The Customer is a national public sector agency that provides diverse forms of social security payments to more than ten million beneficiaries in their country. These include subsidies for housing, family and childcare support, educational allowances and more.
The Customer needed to modernize their IT environment, including updating all their strategic legacy applications, which were based on IBM and Bull mainframes. The objective was to provide business value and build new, more efficient services that would allow the Customer to achieve greater business agility, while increasing time to market and reducing costs.
Initiated at the behest of the Country’s president, the mission was to reduce the operational costs of the agency’s legacy applications and improve the overall efficiencies of their IT environment. The Customer was also facing rapidly-escalating costs to maintain and support their mainframes due to the increasing scarcity of experienced mainframe talent.
This migration project faced significant challenges, however, since manually modifying such mission-critical systems could be highly disruptive to this critical government organization’s day-to-day business. In addition, finding developers with both the legacy and modern technology skills required to rewrite the decades-old applications proved very difficult.
The chief risk to this type of project is its potential impact to the daily operations of the business. The secondary risk is cost; the longer a project takes, the higher the cost and the increased potential for failure. This “time to profit,” or the amount a time it takes to deliver value, is critical to project success. The speed that automation adds, significantly shortening project timelines and costing far less, results in a dramatically lowered risk of failure.
After a rigorous analysis of the challenges involved in this project, it was determined that manual conversion of the existing COBOL code into a modern language like Java or C++ would require a substantial investment of time and human labor to convert manually. In addition, a manual re-write of the code added an unacceptably high level of risk to the agency.
With this challenge in mind, the agency’s project team selected Atos as the systems integrator, along with mLogica’s mainframe migration software LIBER*M, since the migration entailed extensive re-coding to make the applications compatible with the new RHEL 7 and x86 architecture.
The decision was made to leverage Microfocus COBOL to compile the existing COBOL application to Linux, while the LIBER*M z/OS emulation software allowed the existing job control software to run on the end-state environment.
The existing mainframe consumed around 55,000 MIPS, consisting of eighty mainframe partitions and 35,000 internal users. Since the new system would be required to support millions of web users nationwide, it was configured on RedHat Enterprise7 Linux, with approximately 500-600 CPUs across eighty VMware virtual machines (VM), with one VM to support each governmental region served.
Next, our team validated the performance of the entire modernized environment to ensure performance, security and reliability.

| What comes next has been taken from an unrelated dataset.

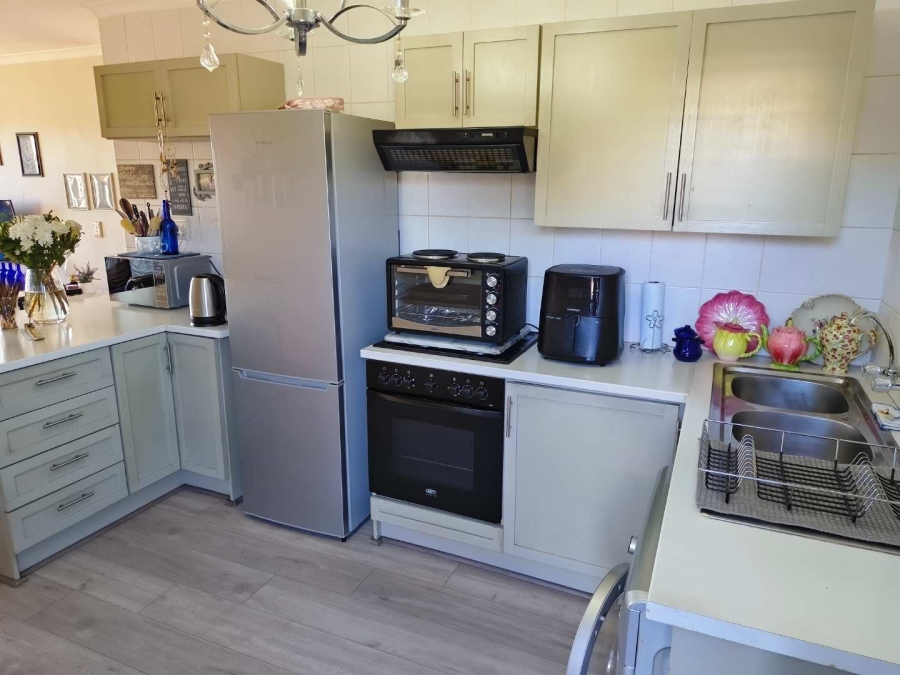 To Let 2 Bedroom Property for Rent in Sonstraal Heights Western Cape
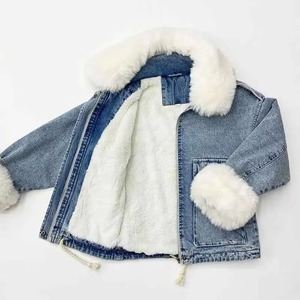 Veste en jean personnalisable pour femme avec logo personnalisé Garniture en fourrure confortable Style vieilli pour l'automne et l'hiver - Product Image 2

Finally, all applications were deployed in the production environment after ensuring secure access was granted solely to authorized users.
Thanks to mLogica’s exclusive technology software LIBER*M, we were able to quickly and reliably migrate the Customer’s mission-critical IBM mainframe and Bull applications to a Linux-based open platform environment with minimal disruption to the Customer’s critical and wide-ranging business activities.
This project was critical for the Customer to be able to enhance the adaptability of their business systems while reducing support costs—all with minimal impact to the day-to-day operations of this critical government organization. mLogica’s LIBER*M tool suite enabled the rapid migration of the application code and data off the mainframe to a modern open platform with minimal user disruption.
The operational cost savings to the Customer of migrating off mainframe were dramatic. With a large mainframe application of more than 55,000 MIPS, the average annual cost per installed MIP is approximately €1,600. Hardware and software accounts for sixty-five percent of this figure, or approximately €1,040. Consequently, the annual infrastructure cost for a 55,000 MIPS mainframe is approximately €56 million annually, or approximately $67.6 million USD.
Eliminating this agency’s mainframe expenses and running the application to an open-source system based on commodity hardware dramatically reduced overall costs by more than €20M per year (approximately $24.1 million USD), providing return on investment (ROI) in less than one year.
Moving legacy applications and systems to an open environment with minimal impact on business users requires speed and consistency, a combination only an automated conversion tool can deliver. But software automation alone is not enough; a successful modernization strategy also requires proven methodology and an experienced project team. Equally important is experience; the knowledge of where to look to spot potential show-stoppers, the ability to anticipate surprises and to be prepared with viable solutions.
This combination of software automation, methodology and experience is how mLogica can guarantee success.